Using Sinclair Digital’s system is less expensive than using traditional alternative current power, Aslam said.
But it is not just about the money. The system also is sustainable and can cause a significant decrease in carbon footprints.
“Global warming is a real issue; in the last two weeks the heatwave in the West Coast and Canada is very scary,” Aslam said. “The Biden administration is pushing very hard on cutting down carbon footprints.”
It also is safer. By using low voltage power, Aslam said, the days of having to child-proof outlets will be gone because there will not be a risk of the children getting shocked.
In the hotel, the system is safer for the maintenance workers, because they do not have to worry about getting electrocuted with a low-voltage system.
The future of power
The ease, affordability and sustainability of the system all lead Aslam to believe it will only grow from here.
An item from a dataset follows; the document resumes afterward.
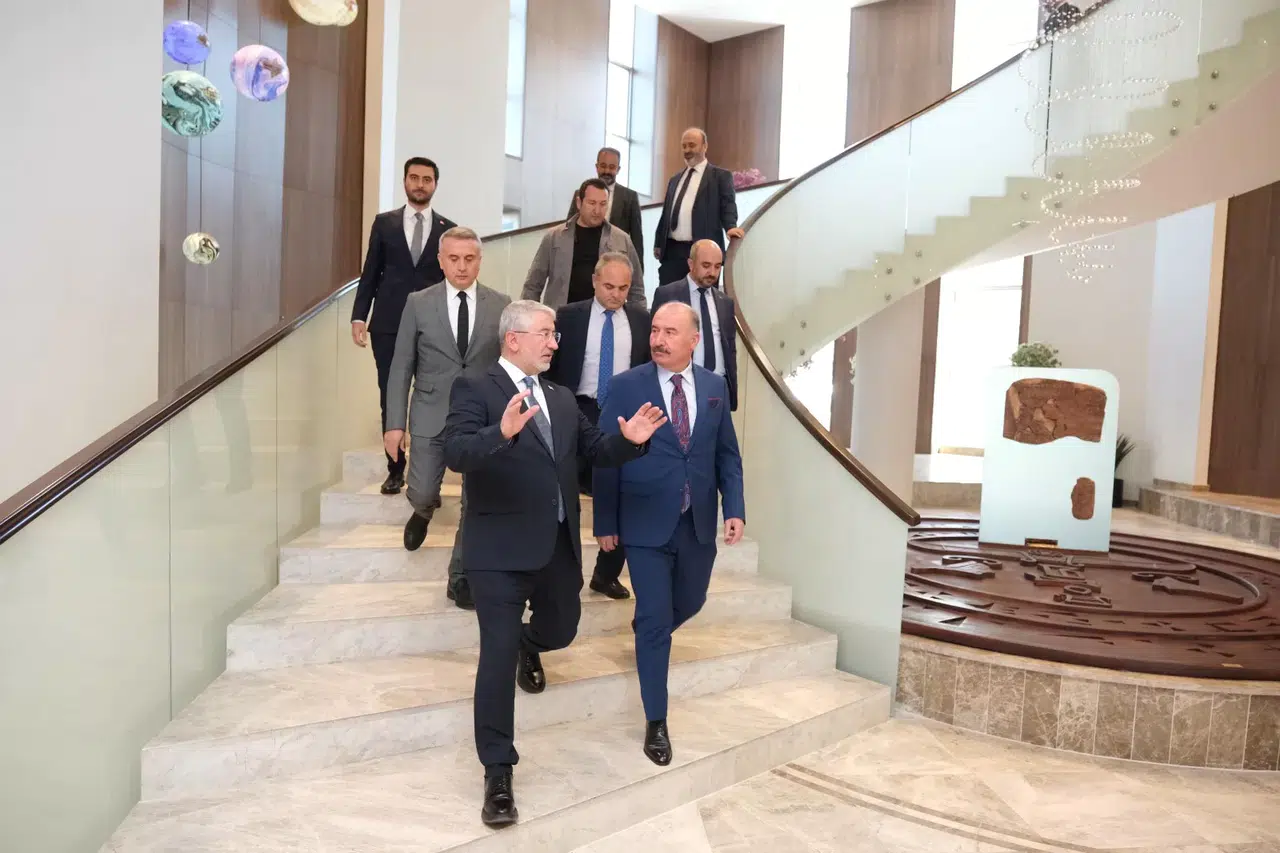 Yeni Vali Ali Çalgan: Hizmetler Yapmak İstiyoruz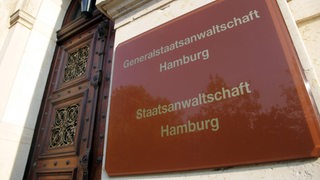 Schild auf dem "Staatsanwaltschaft Hamburg" steht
“We think this technology has been overlooked,” he said. “It existed, but nobody thought about using it this way. I think it’s going to take off. It’s already taking off on a big scale.”
Large companies like Microsoft, Pfizer and Google are using the LED lighting system in new facilities they are building, he said. But Aslam also thinks this technology is the future of air conditioning, televisions and all appliances.
“I think it’ll get accepted at an exponential rate,” Aslam said. “This was the best thing we did: install it in a Sinclair Marriott Hotel.”